Overall, it was a really nicely done episode. There were some major exceptions to that statement including a notable, six-foot-two, Ryan Lavery shaped exception, but more on that will follow. I do so enjoy flashbacks during memorial episodes, but I suppose we got enough flashbacks during the stretch when you could almost hear the writers cackling maniacally as they drove home how happy Kendall and Zach were together and how they had such a long history and an even longer future ahead of them and "Haha, it's funny because they have no future ahead of them because Zach is going to DIE".
I toyed around with doing a full recap, but I realized that it would include the words "And then I started to sniffle" or "Tear!" in every paragraph, so I am opting instead for random thoughts and observations.
- The first, and most important, being: Alicia Minshew owns me. I have been completely floored by her performance in the past few weeks and have found her portrayal of grief to be so painfully, horribly realistic. If you've experienced a major loss, or know someone who has, you know the overwhelming grief and the struggle to keep it together, and I think she has just been pitch perfect in conveying that. I hope, hope, hope that she gets Emmy recognition but, at the very least, she can be proud to know that Mallory at Serial Drama gives her major kudos. And that's way better than an Emmy, right? Especially because she doesn't have to sit through a cheesy awards show to get props from me...
Kendall: I love you. The first time I said those words to you I could not believe they were coming out of my mouth. I mean I was so sure I would never say them again because love, it never lasted. So I stopped trying or at least I tried to stop trying but you wouldn't let me. Crazy considering you were just as scared as I was. Yeah, you heard me, I called you scared. You decided I was worth the risk and you convinced me to take that risk with you. Thank you. So we held hands and we took a leap. We got married against all odds. You helped bring Spike safely into this world against all odds. You gave Ian the strength the keep fighting, to survive, against all odds. Everything we did was against all odds but somehow we made it work. Was it easy? No. But my god Zach it was worth it. Someone asked me recently what I thought you would want. I know you would want me to be strong and to keep on going and I will because I have to for the boys. But I won't think of you as gone forever. You've just taken another journey across the sea and I will be here waiting for you. I will never stop loving you.

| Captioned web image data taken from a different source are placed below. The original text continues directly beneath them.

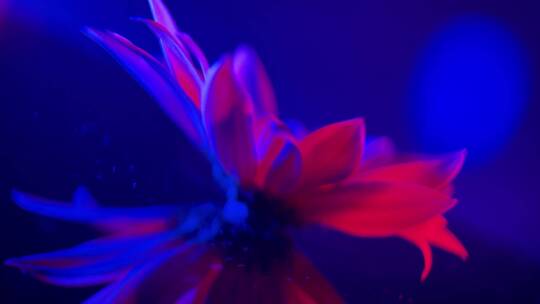 红蓝光鲜花摄影雏菊非洲菊
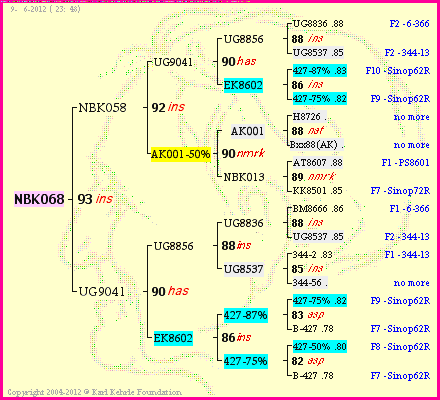 Pedigree of NBK068 :
four generations presented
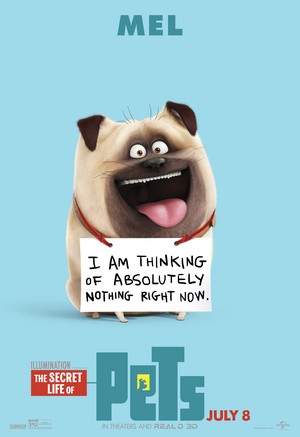  The Secret Life Of Pets Character Poster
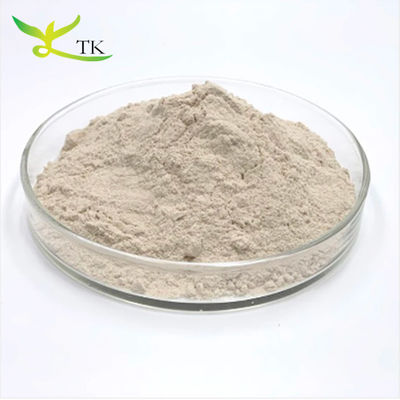 Wholesale Bulk Food Grade Fiber 100% Natural Psyllium Husk Seed Powder 98%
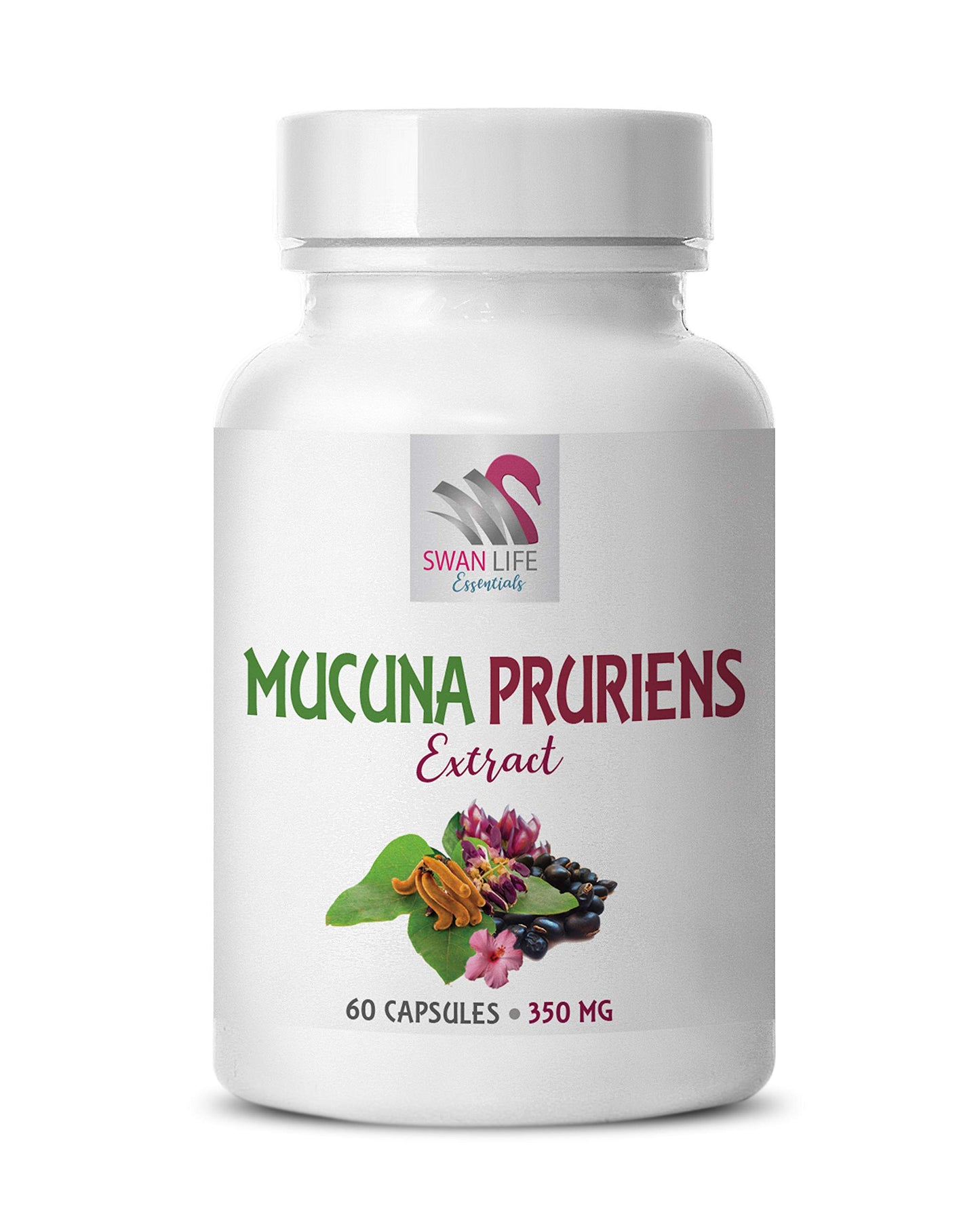 SWAN LIFE ESSENTIALS Mucuna Pruriens Extract Capsules, 60 Count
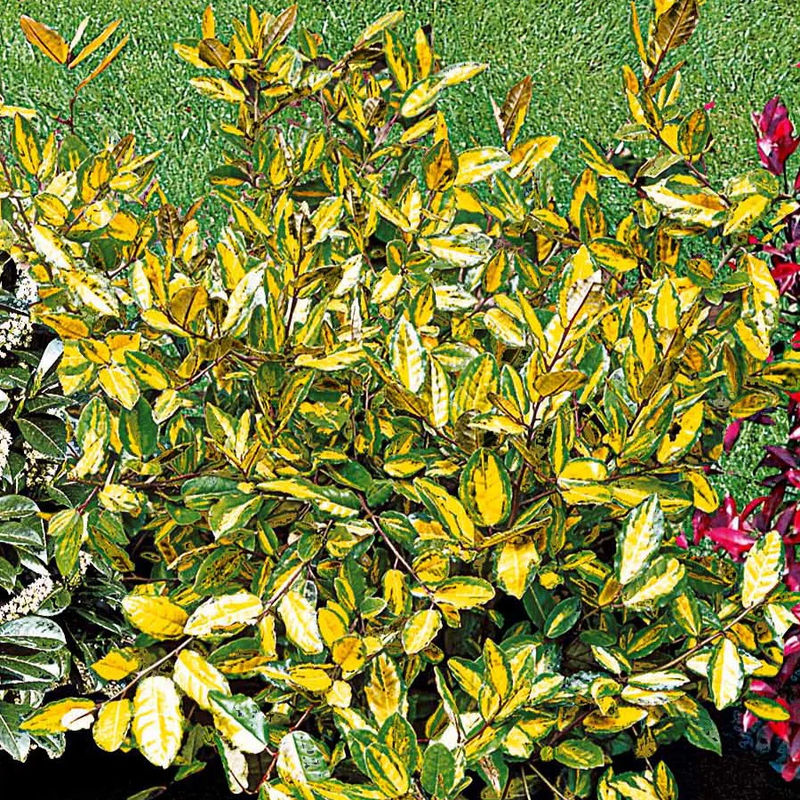 Olweide - Title:Der topf / 2L / Lieferhöhe ca. 30cm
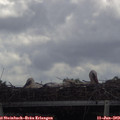 11_10-mast.jpg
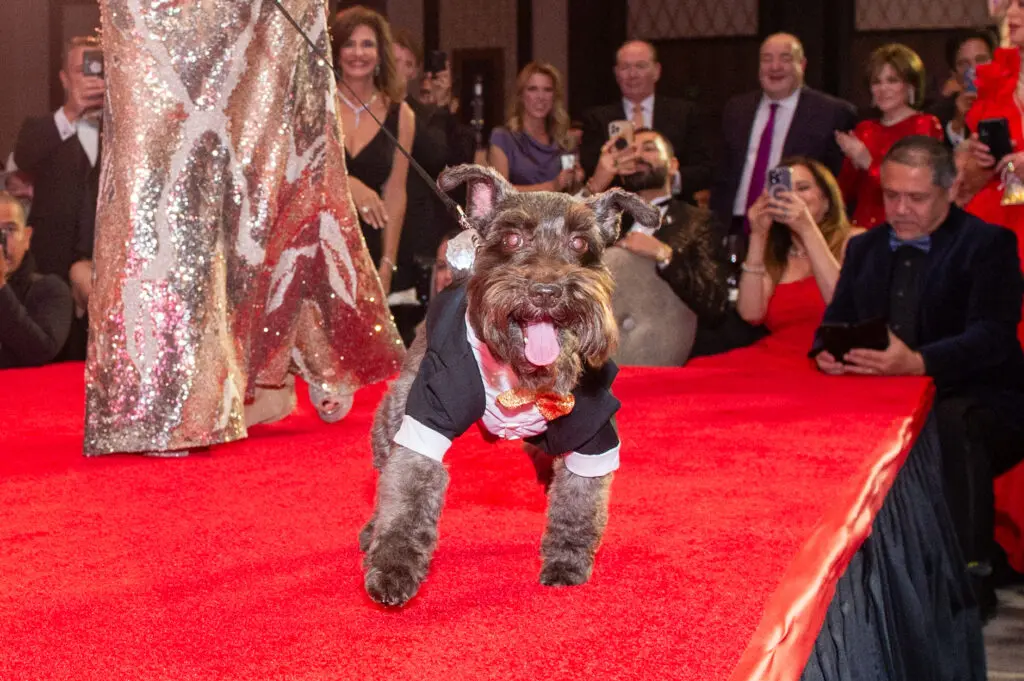Brigitte & Bashar Kalai's Max romping on the runway  at the Citizens for Animal Protection Celebrity Paws Gala (Photo by Jacob Power)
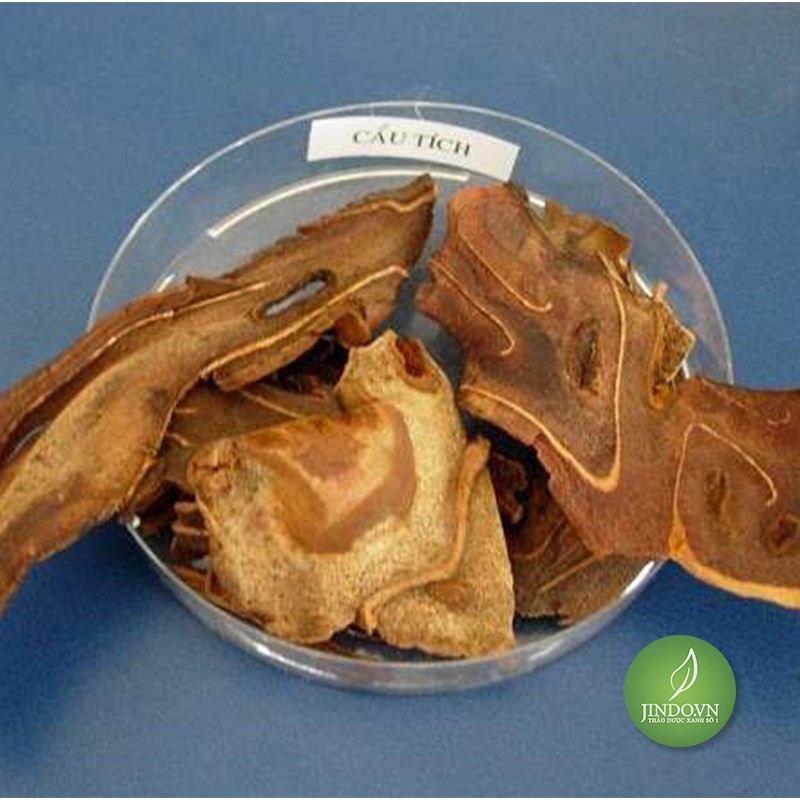 1KG Cẩu tích (Lông cu li) - EG242 cautich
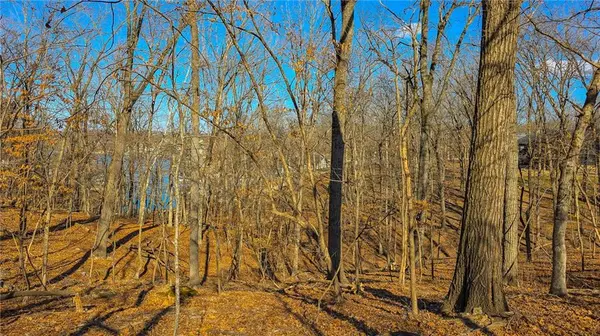 Lot #322 Oak DR, Sunrise Beach, MO 65079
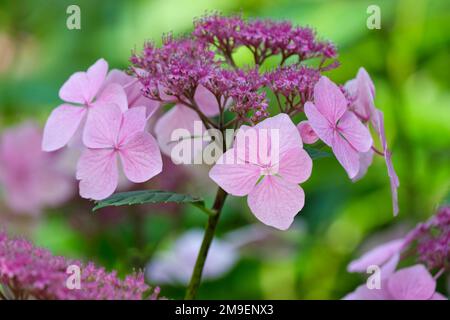 Hydrangea macrophylla Mariesii Perfecta Stockfoto
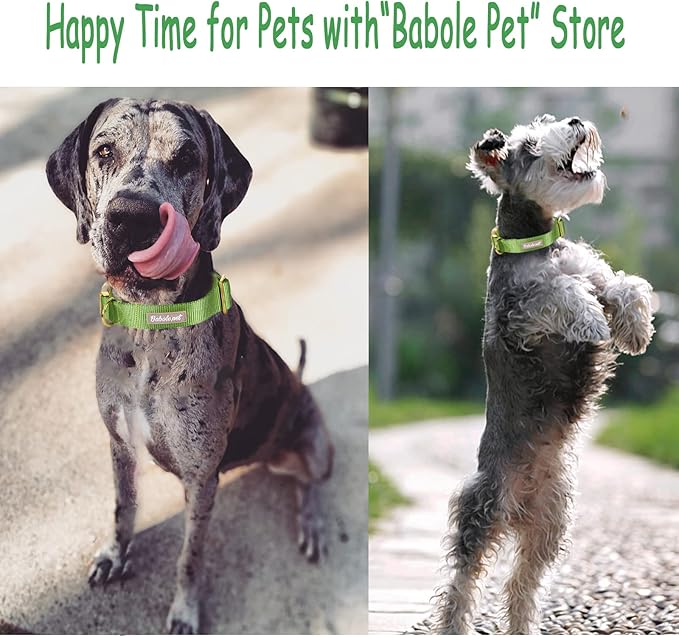 Nylon Dog Collar - Adjustable Green Soft Webbing Dog Collars for Small Medium Large Dogs Boy Girl Puppy Collar with Safety Metal Buckle S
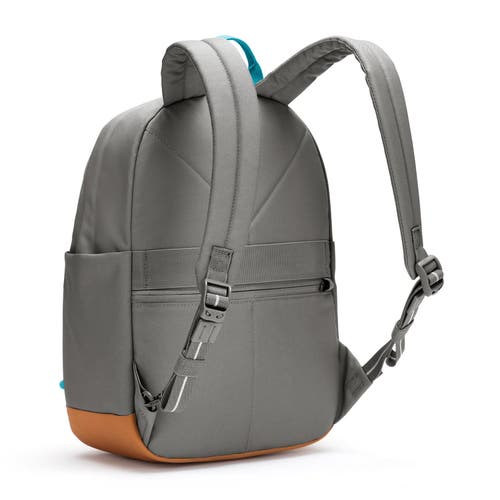 Pacsafe Go 15l Backpack In Gray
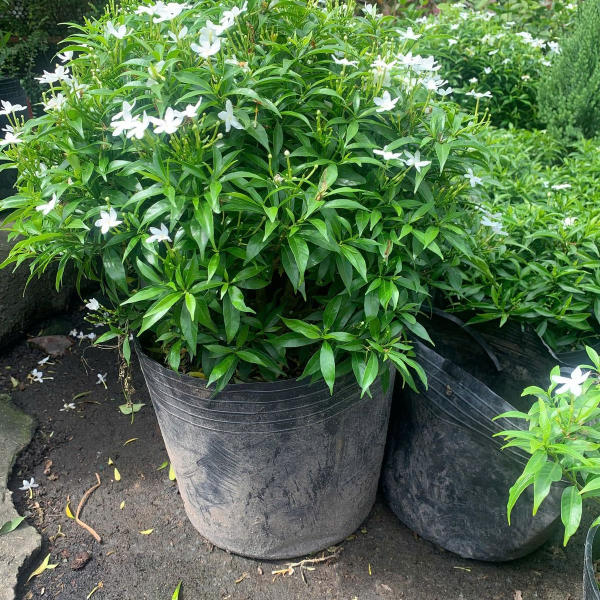 CÂY MAI VẠN PHÚC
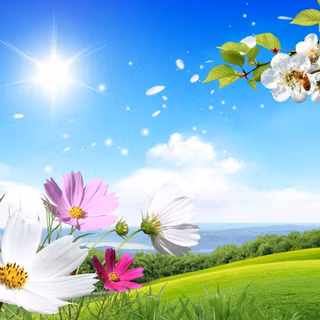 Summer season desktop wallpaper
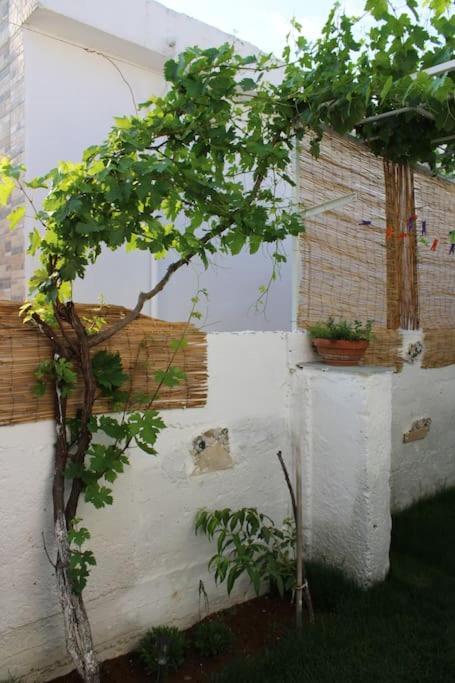 Mantra1 Villa Sozopoli Dış mekan fotoğraf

- Susan Lucci was also fabulous--I loved the little touches of Erica wiping away Kendall's tears and trying to be strong for her daughter and her daughter's sons. I also enjoyed her SPARKLY BLACK COAT. I ran into technical difficulties before I could screencap, so you'll have to take my word for it: SPARKLY.
- On the fashion subject, I'm a bit confused by Greenlee's backless dress. And I'm MORE than a bit confused by Jack's hair starting out normal and landing on slicked back and kind of skeevy at the memorial itself. It was like he looked in the mirror and said to himself, "It's just not douchey enough".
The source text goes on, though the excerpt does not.